La propuesta financiera que se encuentra en el limbo legislativo asciende a 469,249 millones de lempiras, lo que representa un incremento neto de entre el 8% y el 9% respecto al periodo anterior. El presidente Asfura se verá obligado a remitir de forma inmediata un nuevo anteproyecto al Congreso Nacional, el cual servirá como hoja de ruta para los meses restantes del año. Sin este documento aprobado, la administración pública carece de facultades para mover fondos, lo que pone en riesgo la operatividad mínima de las instituciones estatales.
La urgencia no es solo técnica, sino de supervivencia institucional. Los expertos en economía advierten que el tiempo se agota, fijando el próximo martes como la fecha límite para evitar un colapso en los pagos. De no aprobarse la ley, el Estado entraría en una parálisis financiera que impediría honrar los compromisos salariales con los empleados públicos y el pago a los proveedores. Las fuerzas políticas mayoritarias han mostrado cierta apertura para acompañar un presupuesto acorde a las necesidades del país, buscando evitar un vacío de poder económico.
Un análisis profundo de las cifras revela una realidad asfixiante para los tomadores de decisiones. Se estima que el 87% del presupuesto ya está comprometido de antemano. Esto significa que, de cada 100 lempiras, 87 ya tienen un destino inamovible: el pago de sueldos, salarios, transferencias obligatorias y donaciones. Este nivel de rigidez presupuestaria deja al nuevo Gobierno con un margen de maniobra extremadamente limitado para impulsar las promesas de campaña o nuevos proyectos de infraestructura.

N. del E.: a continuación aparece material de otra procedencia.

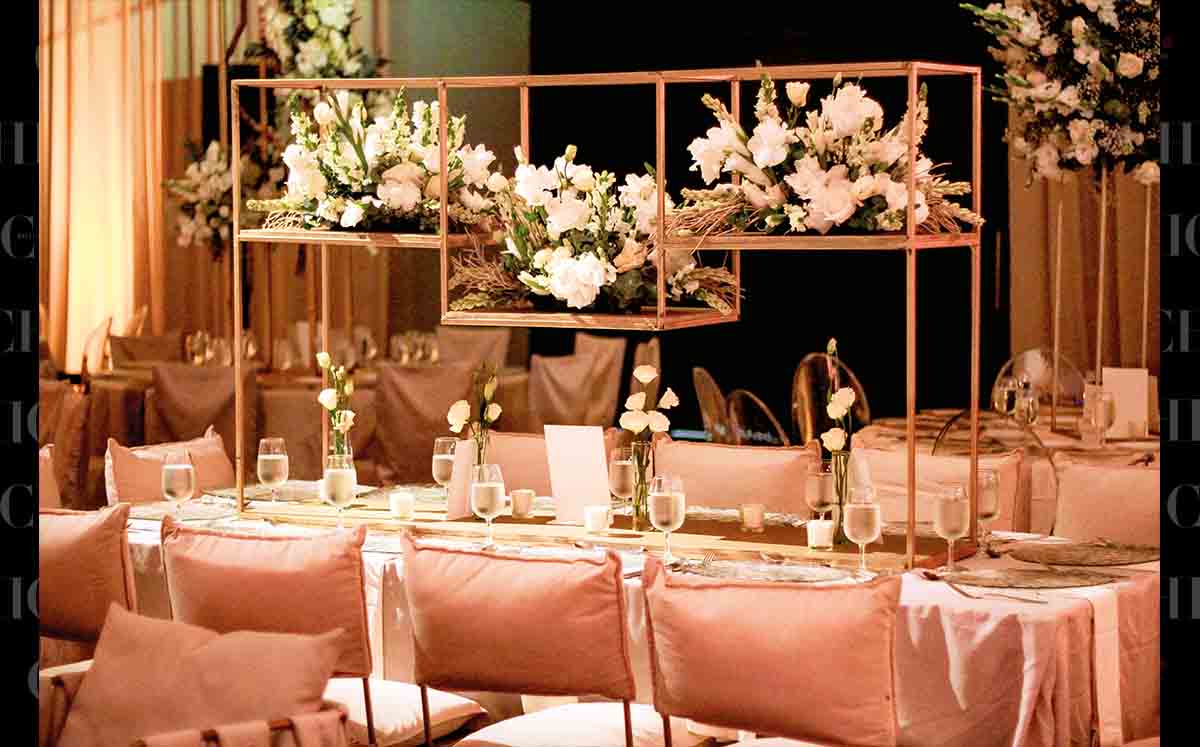 DETALLES FLORALES
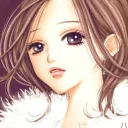 lixu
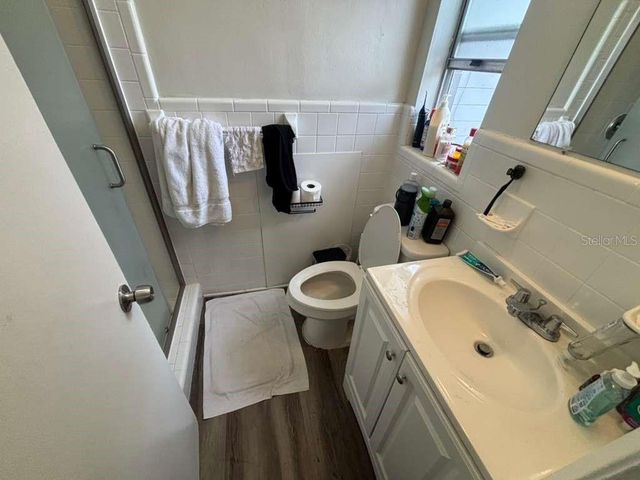 2602 W 20TH STREET, Sanford, FL 32771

A esta inflexibilidad se suma el pesado lastre de la deuda pública. Los datos son contundentes al señalar que ocho de cada diez lempiras que ingresan a las arcas del Estado se destinan exclusivamente al servicio de la deuda. En términos prácticos, ochenta centavos de cada lempira recaudado se esfuman en compromisos financieros previos, dejando apenas una fracción mínima para inversión social. Este escenario plantea la duda de si la nueva administración podrá implementar una austeridad verdadera o si se enfrentará a un simple maquillaje contable.
Por su parte, la bancada del Partido Libertad y Refundación (Libre) ha adoptado una postura de vigilancia participativa. Los diputados de oposición han asegurado que no mantendrán una postura cerrada ni votarán en contra de todos los proyectos por sistema, sino que apoyarán aquellas iniciativas que beneficien directamente al pueblo hondureño. No obstante, recalcan que el escrutinio sobre el destino de los fondos será riguroso para garantizar que el presupuesto no sea utilizado como una herramienta de distracción política.
Finalmente, el reto para el Congreso Nacional es lograr un equilibrio entre las necesidades técnicas y las exigencias de gobernabilidad. La aprobación del presupuesto 2026 será la primera gran prueba de fuego para la relación entre el Ejecutivo de Asfura y un Legislativo fragmentado. El país observa con atención si los diputados priorizarán la estabilidad nacional por encima de los intereses partidarios, permitiendo que el Estado recupere su capacidad de ejecución y brinde respuestas a una población que demanda transparencia y resultados.